Throughout the application process, Long touched neither pen nor paper, and he never "signed" anything—at least not in the traditional sense. But in a landmark case, an Ohio court has ruled that by letting his agent type in his name and click on "I agree," he bound himself as surely as if he had signed a paper document.
The Ohio state court's bellwether decision last August to uphold the validity of a paperless contract has repercussions far beyond Long's survivors—he died of a heart condition in 2007—and the company that wrote his health-care policy.
The ruling has spurred many companies, from mortgage companies to lawyers, to look anew at digital technologies that promise to save them time, data-processing costs, and postage when it comes to shuffling contracts, applications, and other legal documents.
In Long v. Time Insurance Corp., an Ohio district judge issued a summary judgment that clicking "I agree" to terms and conditions associated with an online health insurance application is a legally binding act.
A handful of previous lawsuits have ended similarly with judgments or verdicts that virtually signing an electronic document with a "digital signature" is as valid and binding as physically signing a paper document—a so-called wet signature. But those cases were decided only after tortuous litigation. The Time Insurance case was decided peremptorily, without even going to trial.
"It's taken a long time for people to understand the technology and for the case law to be established," said Patrick Hatfield, an attorney at Lord, Bissell & Brook, a law firm in Atlanta.
President Bill Clinton appeared to have ushered in the era of electronic signatures eight years ago, when he digitally signed the Electronic Signatures in Global and National Commerce Act. But the legislation only established the equivalency of electronic signatures; it didn't specify a particular protocol or technology.

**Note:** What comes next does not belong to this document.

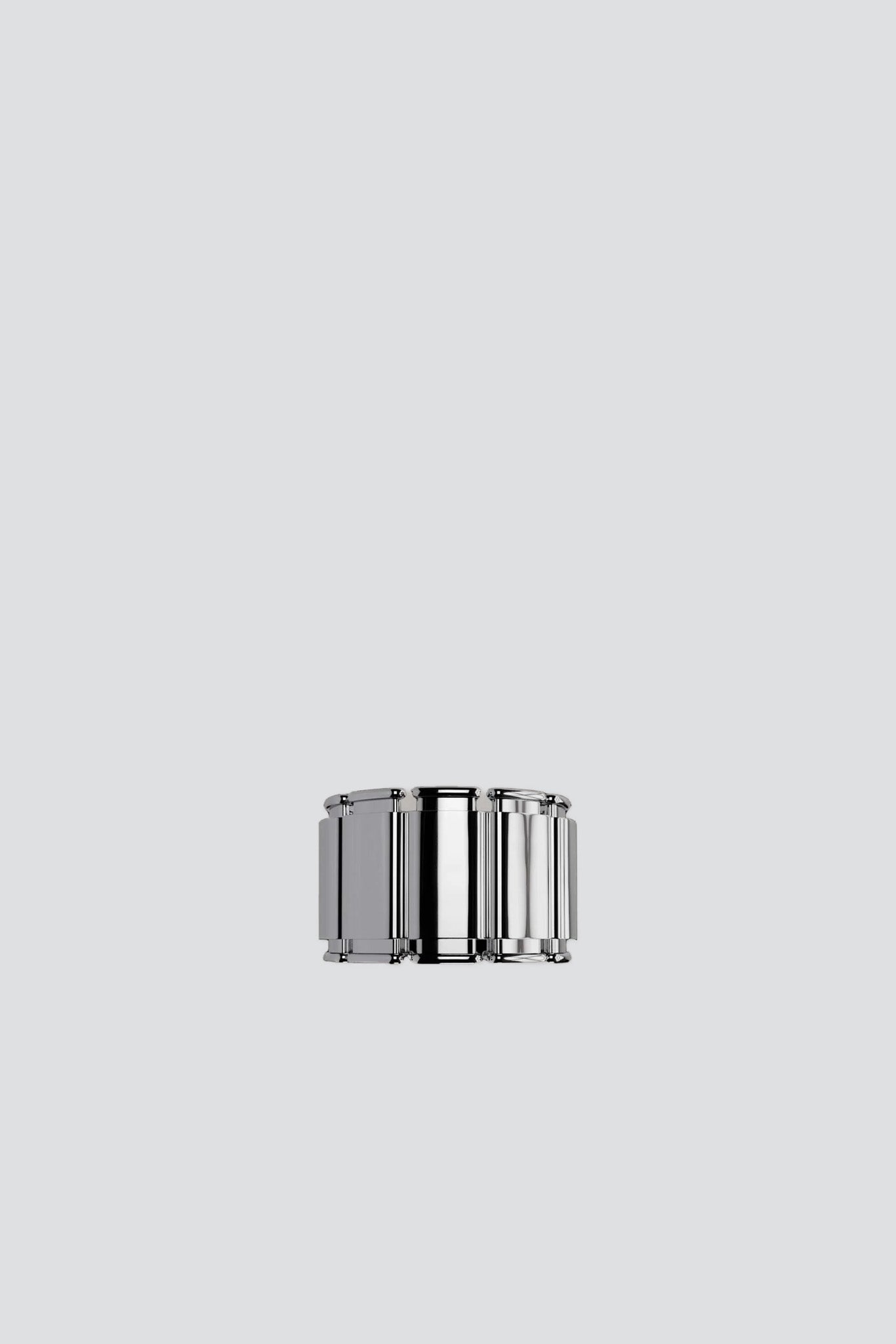 Silver RI-606 Ring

This lack of standardization "put the burden on businesses to find or create a legally binding form or process," said Ben Wright, a lawyer in Dallas who specializes in electronic law. Most were loath to try until others did it successfully and lawfully. "No one wanted to be the first to jump in the pool," he said.
Of course, it's now common to use electronic signatures to buy books or clothes or other relatively inexpensive items online. But costlier transactions still usually require wet signatures on hard copy. Exceptions have only been in the last couple years, primarily in the document-intensive drug and insurance industries.